Off-Shore drilling a bad idea

Dear editor,

As a citizen of Pickens County and on behalf of the South Carolina Native Plant Society, I am writing in response to the letter Pickens County House Representative David Hiott wrote to the Interior Department in support of offshore seismic testing and drilling for oil. Representative Hiott’s letter cites jobs and revenue but ignores science and common sense.

When America and the world is running from oil to clean energy, I’m puzzled why anyone would risk South Carolina’s booming tourism economy.

Some say we should see what’s out there. I say not a lot has changed under the ocean floor since testing was done 38 years ago with basically the same technology.
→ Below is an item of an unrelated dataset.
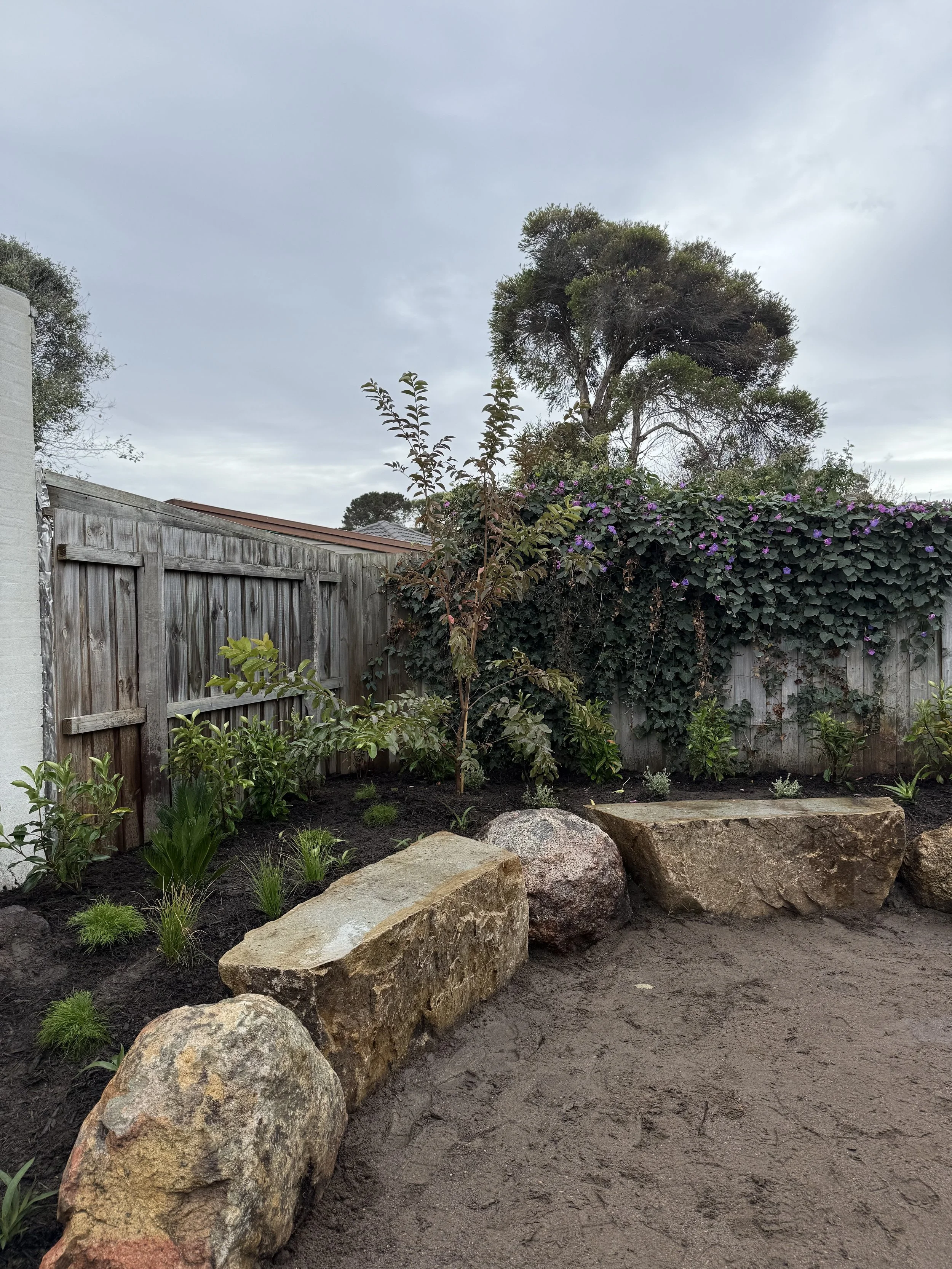 Sawn Honey Granite Seats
Based on national consumption rates, Interior’s Bureau of Ocean Energy Management (BOEM) estimates that only a 20-day supply of oil and less that a 25-day supply of natural gas would be found off the three states of S.C., Ga., and Fla.

The real kick in the gut is that data from seismic blasts will belong exclusively to the big oil companies. We are left to take their word for it. Is this sound judgment to trust our future to the oil industry?
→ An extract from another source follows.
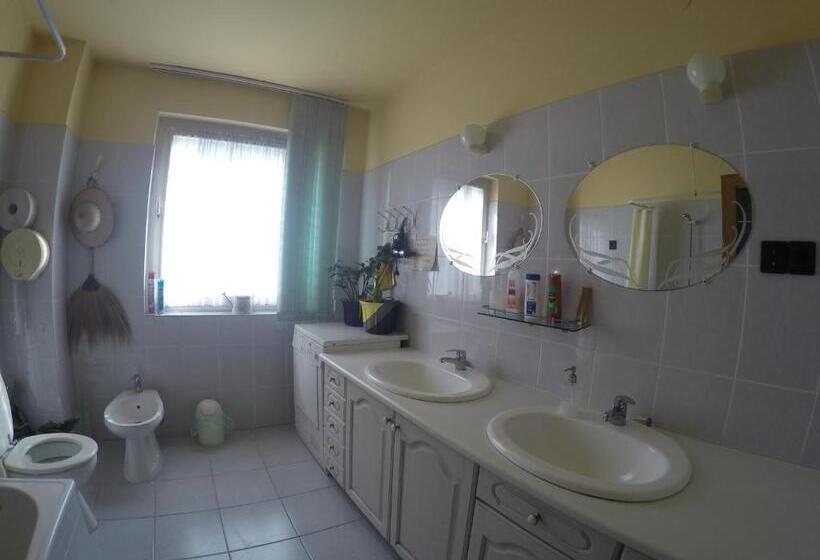 غرفة قياسية ثلاثية, éjjelibagoly Vendégház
Sounds from seismic blasts can travel 2500 miles underwater and are repeated every 10 seconds for months. These blasts are loud enough to threaten the survival of sea mammals like whales and dolphins.

In addition, commercial fishermen have reported up to 80 percent reductions in their fish catches as a result of destructive oil exploration technology.

It is time everyone knows the impacts and understands one inevitable fact; it is not a matter of IF a spill or leak occurs, but WHEN and HOW MUCH the rigs, pipes, and tankers soil forever the sands and estuaries and livelihoods of our Coast.

Some say South Carolina needs to help our Country be energy independent. I say why give profits to big oil while we take all the risks, especially since in some weeks of the year, the United States exports as much as one million gallons of oil per day.

South Carolina’s coastal tourism economy accounts for 600,000 jobs and $20 billion annually.

The American Petroleum Institute’s best projected oil revenue for the state is $3 billion from now until 2035. Everyone remembers the BP Deepwater Horizon rig fire and spill in the Gulf of Mexico. It lasted three months with 184 million barrels spilled, 26,000 jobs lost immediately and a 4.5 billion fishing industry harmed.

It’s not surprising that every local government on our Coast officially opposes dirty and dangerous offshore drilling. But this is not just about our Coast. It’s a “who we are” issue. It’s about our values and our legacy for future generations.

Governor Henry McMaster is asking the Trump Administration to exclude South Carolina from BOEM’s offshore drilling plan. In his State of the State, he reminded us that “We cannot stop hurricanes, but we can avoid oil spills. We cannot take a chance. We must do whatever it takes to preserve this economic paradise we call the beach, the marsh, the coast and the Lowcountry. It is made of gold.”

We all know “oil and water”’ don’t mix; we cannot have both. Once the genie is out of the bottle, you cannot put it back.